What can bad guys do then?
- You can still obfuscate (Reflection).
- You can also load code dynamically.
- Or use native code (no such thing as native code verifier, Google NaCl doesn't apply).
Dalvik bytecode
- Knows about OO concepts.
- Dest-to-src syntax.
- Types: V void, B byte, S short, C char, I int, Z boolean.
- Classes: L<fullyqualifiedclassname> (ex.: Landroid.content.Intent;).
- The bytecode is nicely split in "methods" (.smali files).
- Dalvik is register-based.
- Each method has its own register "frame".
- Methods' args are placed in the last registers of the frame.
- If a method is non-static, the first argument is "this".
Register frame
Consider a method s.t.
- it takes 3 arguments
- its register frame has 6 registers
The method will use
- Registers v0, v1, v2, v3, v4, v5
- Arguments are placed in v3, v4, v5
Register model
- Different from CPU registers.
- Not shared across methods.
- Can contain values and references though.
int pig(int x) {
return 2*x;
.method pig(I)I
.registers 3
mul-int/lit8 v0, v2, 0x2
return v0
.end method
int foo(int a, Peppa p) {
int b = p.pig(a);
return b;
.method foo(ILcom/mobisec/Peppa;)I
.registers 5
invoke-virtual {v4, v3}, Lcom/mobisec/Peppa;->pig(I)I
move-result v0
add-int v1, v3, v0
return v1
.end method
Dalvik instructions ~
; moving
const v5, 0x123
move v4, v5
; arithmetic
add-int v1, v3, v0
mul-int/lit8 v0, v2, 0x2
; invocation
invoke-virtual {v4, v3}, Lcom/mobisec/Peppa;->pig(I)I
invoke-static ...
invoke-{direct, super, interface} ...
; return
move-result v5
; set / get
iget, iget-object, ...
iput, iput-object, ...
sget, sput ... (for static fields)
; new object
new-instance v2, Lcom/mobisec/Peppa;
; control flow
if-ne v0, v1, :label\_a
goto :label\_b
; meta
Which component executes Dalvik?
In the past (uptil Android 4.4)
- DVM, libdvm.so
- When about to execute a method, compile and run it.
- Compilation is done "on-demand" (Just-in-time).
- Compiled code stored in cache.
Then we got Android ART (introduced in Android 5)
- Android Run-Time replaced the old DVM (optional in Android 4.4).
- Ahead-of-time compilation (at app installation time).

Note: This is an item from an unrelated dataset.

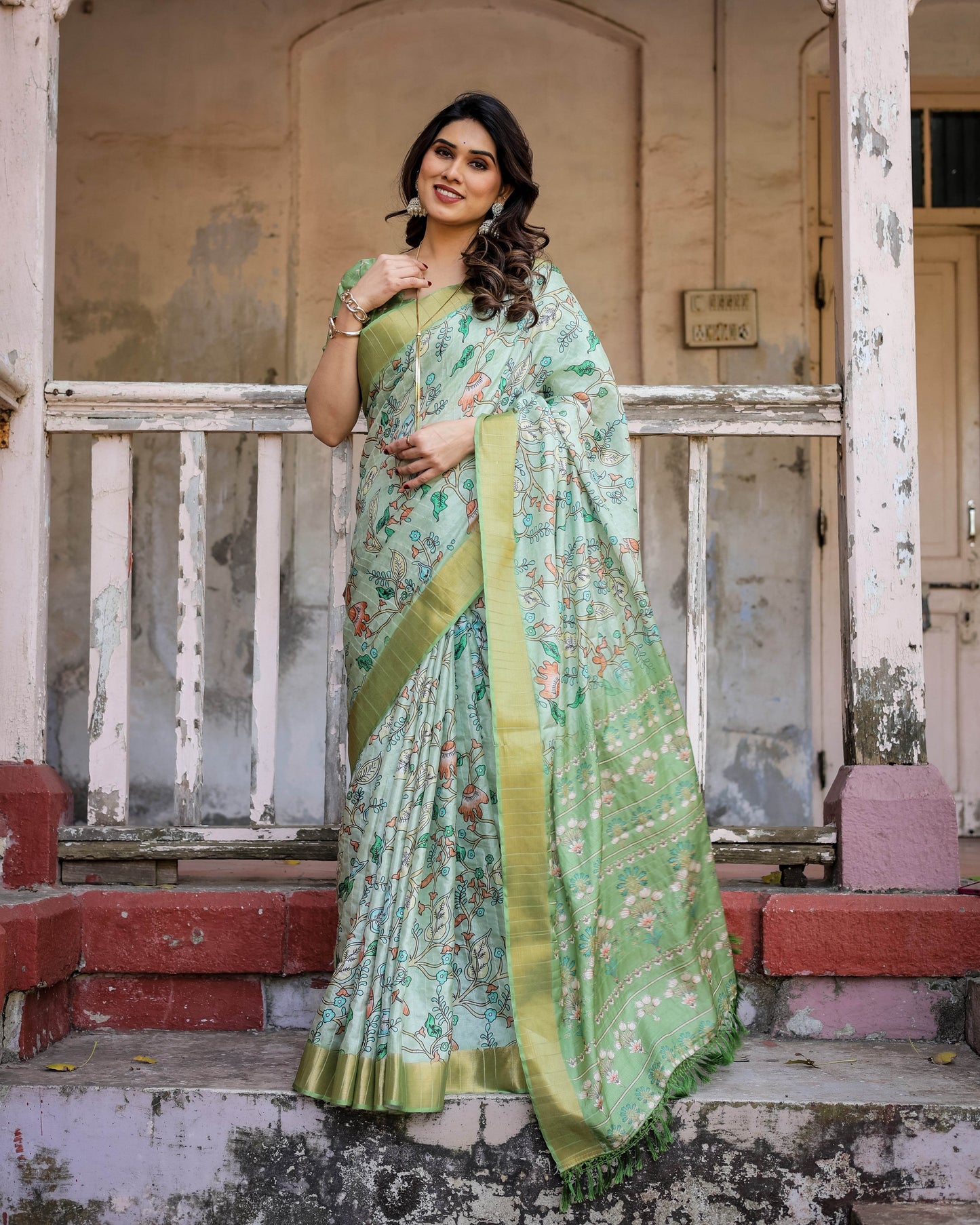 Multicolour Linen Saree with Traditional Patterns | Lightweight and Elegant - SEEANS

- App boot and execution are faster, but more space required on RAM & DISK.
- Installation takes much longer, bad repercussion on system upgrades, could take ~15 minutes.

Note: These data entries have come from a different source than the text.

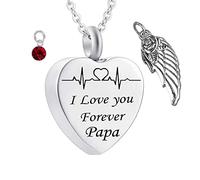 Jewelry Ashes Necklace,Heart with Angel Wing Birthstone and ECG Engraving I Love You Forever Papa Stainless Steel Urn Pendants Urn Necklace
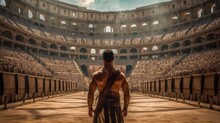 Anchient Roman Gladiator Entering. Generative AI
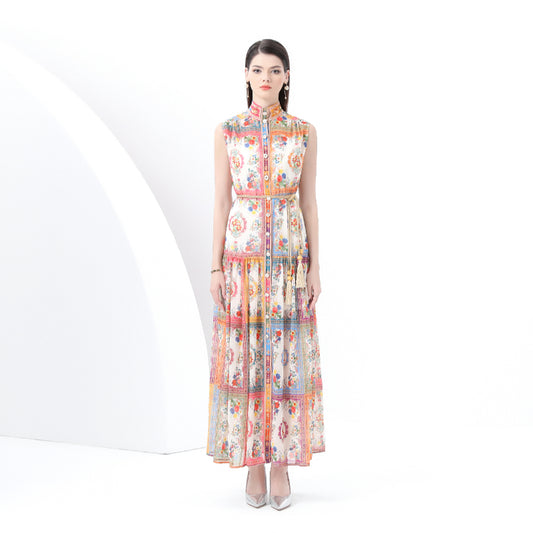 Original design: Spring, Summer, Autumn, vintage style, stand collar, sleeveless, wavy edge, long printed dress 2-piece set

New version of ART (introduced in Android 7)
- Profiles an app and precompiles only the "hot" methods (most likely to be used).
- Other parts of the app are left uncompiled.

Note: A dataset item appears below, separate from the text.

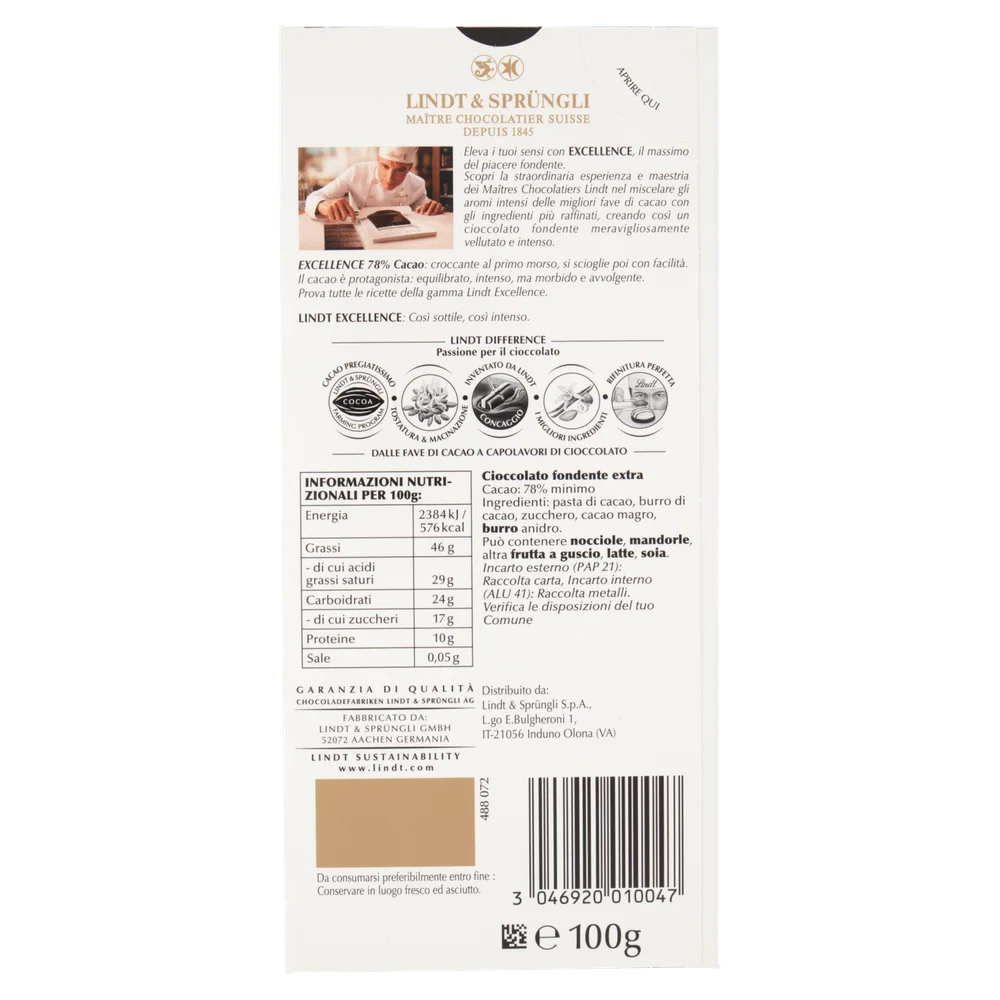 Lindt Chocolate | 78% Lindt Excellence Chocolate Tablet | Swiss Chocolate Lindt | Chocolate Lindt | 3,5 Ounce Total - Image 3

- Automatically precompiles methods "near to be used."
- Precompilation only happens when the device is idle and charging.
- Quick path to install / upgrade.
ODEX: optimized DEX
- dex → dexopt → ODEX
- Faster to boot and run.
- Most system apps that start at boot are ODEXed.
- ODEX is an additional file, next to an APK.
- Device dependent.
Analogous of ODEX for ART
- The new ART uses two formats.
- The ART format (.art files):
- pre-initialized classes / objects.
- only one file: boot.art
- contains pre-initialized memory for most of the Android framework.
- The OAT files:
- compiled bytecode to machine code wrapped in an ELF file.
- can contain one or more DEX files (actual Dalvik bytecode).
- obtained with dex2oat (usually run at install time).
- you still have .odex files.
- .odex files are OAT-formatted files!
- one important file: boot.oat
- all traditional ODEX files are OAT files.
- can be inspected with oatdump.
When a new app starts
- All app processes are created by forking Zygote (init, template).
- Optimization trick: boot.oat is already mapped in memory, no need to reload the framework!
More information
$ unzip app.apk
- AndroidManifest.xml (compressed)
- classes.dex
- resources (compressed)
$ baksmali classes.dex -o output
- Disassemble DEX files.
- Output: a .smali file for each class.
- Dalvik bytecode in "smali" format.
$ smali output -o patched.apk
- Assembler for DEX files.
- embeds baksmali/smali.
- unpacks / packs APKs, including resources and manifest files.
$ apktool d app.apk -o output
$ apktool b output -o patched.apk
$ keytool -genkey -v -keystore debug.keystore -alias androiddebugkey -keyalg DSA -sigalg SHA1withDSA -keysize 1024 -validity 10000
$ jarsigner -keystore <path to debug.keystore> -verbose -storepass android -keypass android -sigalg SHA1withDSA -digestalg SHA1 app.apk androiddebugkey
- JEB free version.
- Bytecode Viewer github.
- dex2jar (dalvik bytecode to java bytecode) then jd-gui (java bytecode to java source code)
comes with Android SDK
takes an APK as input
can dump tons of useful info (package name, components, main activity, permissions, strings, resources, ...)
$ aapt dump badging <apk_path>
- interact with apps and devices/emulators
$ adb devices
$ adb install app.apk
$ adb uninstall com.mobisec.testapp # package name
$ adb logcat
$ adb push file.txt /sdcard/file.txt # push to device
$ adb pull /sdcard/file.txt file.txt # pull from device
$ adb shell # get a shell on the device
$ adb shell ls # execute "ls" on the device
$ adb shell am start -n <pkgname>/<component>
$ adb shell pm grant <pkgname> <permission>
$ adb shell dumpsys